Recognising the difficult challenge faced by government in addressing the deficit, the Aldersgate Group welcomed the government’s decision to increase climate finance, maintain support for the purchase of low emission vehicles, commit to an increase in funding on low carbon heat and protect the budget of the FCO, a department which performs important functions in climate change diplomacy and in setting up trade opportunities for UK businesses.
However, it was unclear how the government’s proposal to increase funding for low carbon heat whilst saving £700m would help deliver the increase in low carbon heat required by the UK’s carbon budgets. The proposal to insulate one million homes during the course of this Parliament also amounts to a significant drop compared to the number of homes which took on energy efficiency measures during the course of the last Parliament.
Nick Molho, Executive Director of the Aldersgate Group said: “Without rapid investment in energy efficiency and low carbon heat at scale, it is difficult to see how the UK will meet its Fourth Carbon Budget at least cost and on time.
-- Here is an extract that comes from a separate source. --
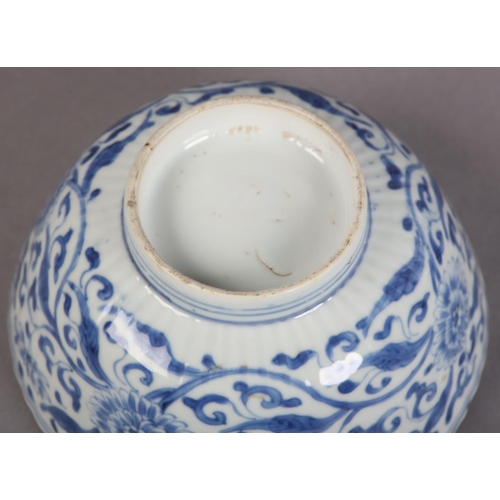 174 - AN 18TH CENTURY CHINESE BLUE AND WHITE PLATE painted with rocks issuing blossom within a diaper bord...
The government needs to do much more to improve the energy efficiency of our building stock and explain how its new proposals will deliver the increase in low carbon heat that the Committee on Climate Change has been calling for. It is also unclear how the government intends to allow further investment in cost-effective renewable electricity projects outside of the offshore wind auctions announced last week.”
The Aldersgate Group however welcomed the Government’s increased focus on apprenticeships and highlighted that a comprehensive strategy was needed to ensure the UK’s workforce was equipped to benefit from the employment opportunities that the transition to a low carbon economy had to offer. This will be the subject of a major Aldersgate Group event in Parliament next week.
Referring to the spending cuts of 15% at DEFRA at 22% at DECC in particular, Nick Molho said:
“Government departments such as DEFRA and its regulatory agencies provide important – and often overlooked – services that are key to the effective functioning of our economy. These include providing access to high quality natural resources such as water and interpreting UK and EU environmental legislation in a way that is pragmatic and can support business innovation. The implementation of the different settlement plans must ensure that these government departments and their regulatory agencies have sufficient resources to continue providing these services effectively.”
Pointing to the fact that businesses were awaiting clear policy signals to increase investments in the UK’s natural capital, Nick Molho added:
“As the Aldersgate Group highlighted in its report last week, the government has the opportunity to drive greater levels of private investment in improving the state of the UK’s natural assets in a way that would support the competitiveness of the UK economy and wouldn’t jeopardise its objective of tackling the deficit. Doing this requires greater policy co-ordination between government departments to support projects that are mutually beneficial and helping support the financing of natural capital projects by making existing subsidy schemes more efficient and developing markets for ecosystem services.”